WORK ITEM: Could you restate all of the records below exactly, with the pictures left out?

LISTED RECORDS:
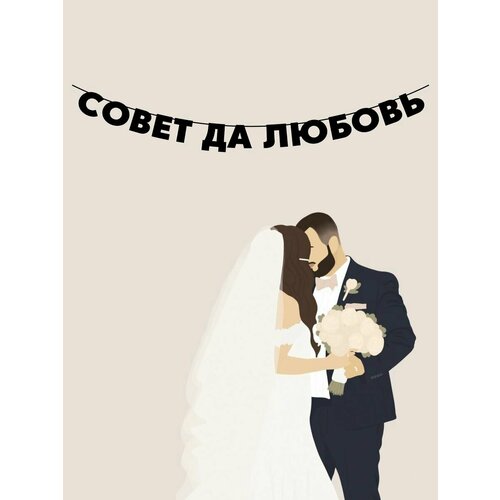 ���� �������� �������� �������� �� ���� ������ - ����� �� ������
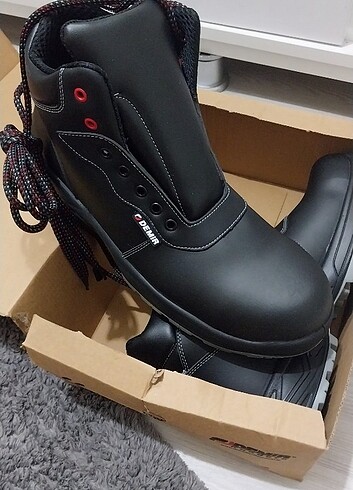 iş botu - Görsel 4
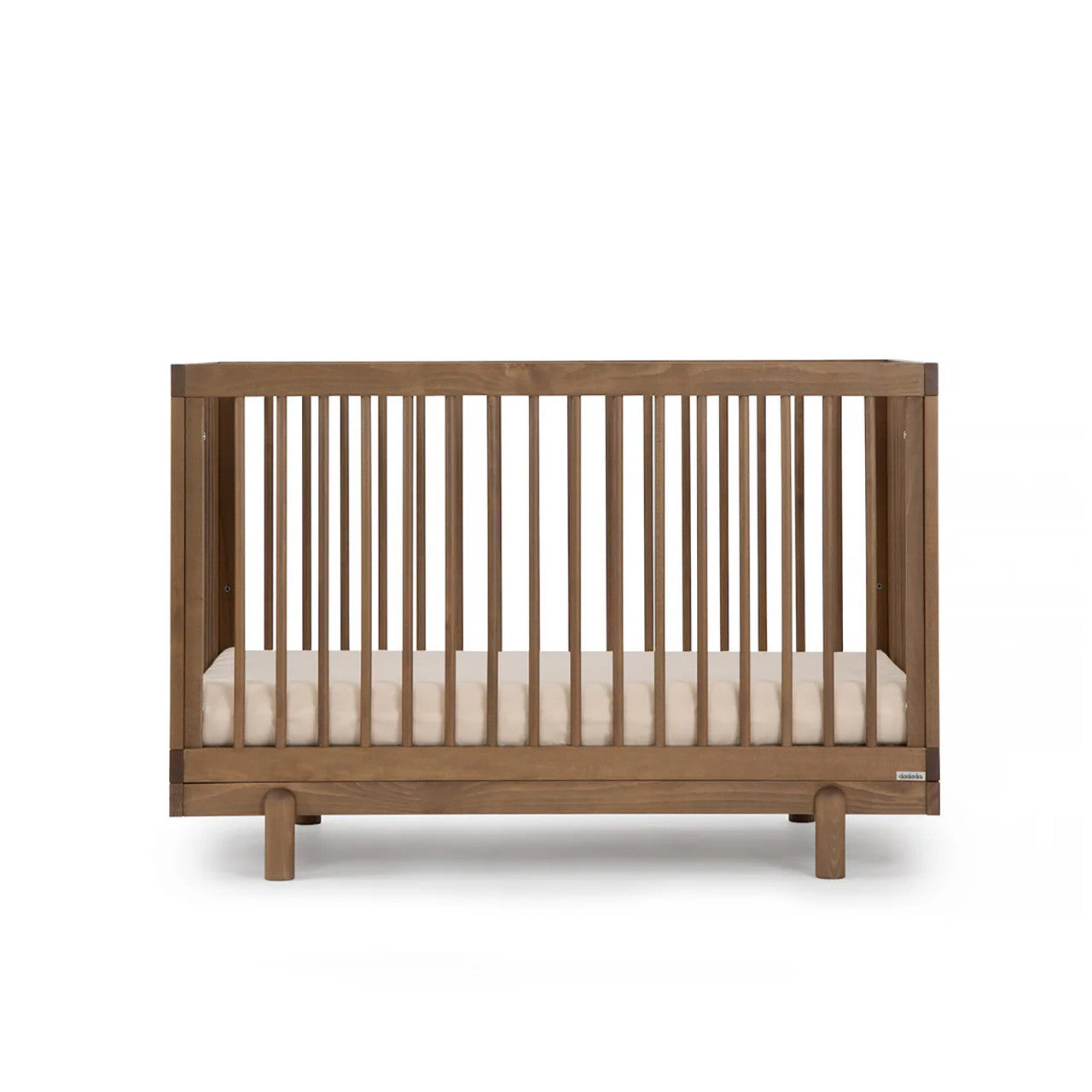 Convertible Crib 4-In-1 P6960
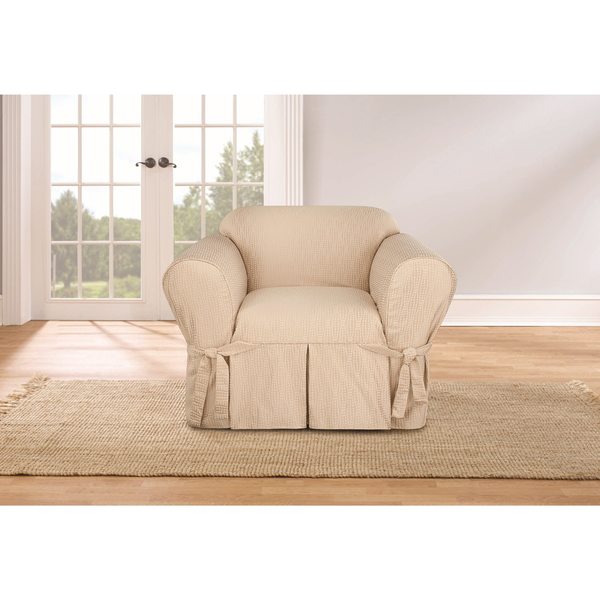 waverly chair slipcovers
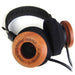 Grado: GS1000e Headphones
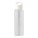 Láhev na pití z RPET, 500ml - F4909101PK2 - variant Gi F4909101PK2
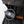 noola baby DriveMe | Stroller Steering Wheel Stroller Accessory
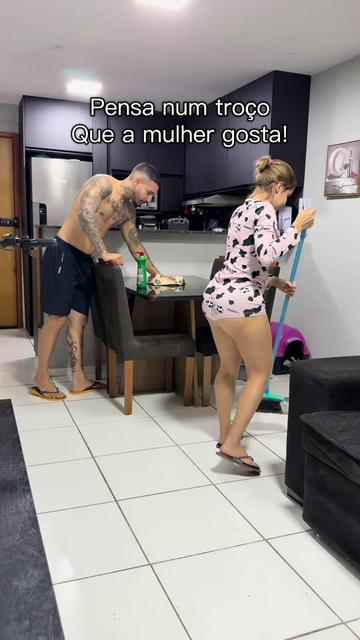 @polianaa1615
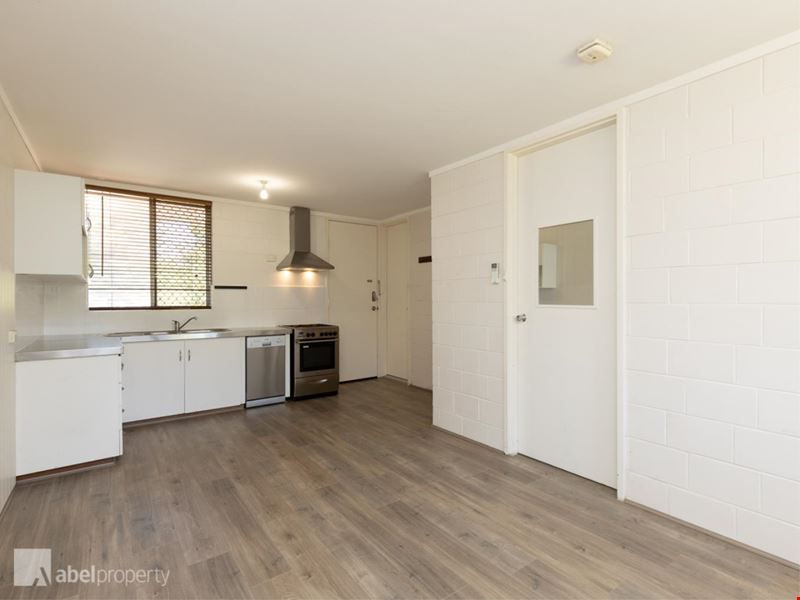 13B Warman Way, Victory Heights WA 6432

SOLUTION BELOW:
 ���� �������� �������� �������� �� ���� ������ - ����� �� ������
 iş botu - Görsel 4
 Convertible Crib 4-In-1 P6960
 waverly chair slipcovers
 Grado: GS1000e Headphones
 Láhev na pití z RPET, 500ml - F4909101PK2 - variant Gi F4909101PK2
 noola baby DriveMe | Stroller Steering Wheel Stroller Accessory
 @polianaa1615
 13B Warman Way, Victory Heights WA 6432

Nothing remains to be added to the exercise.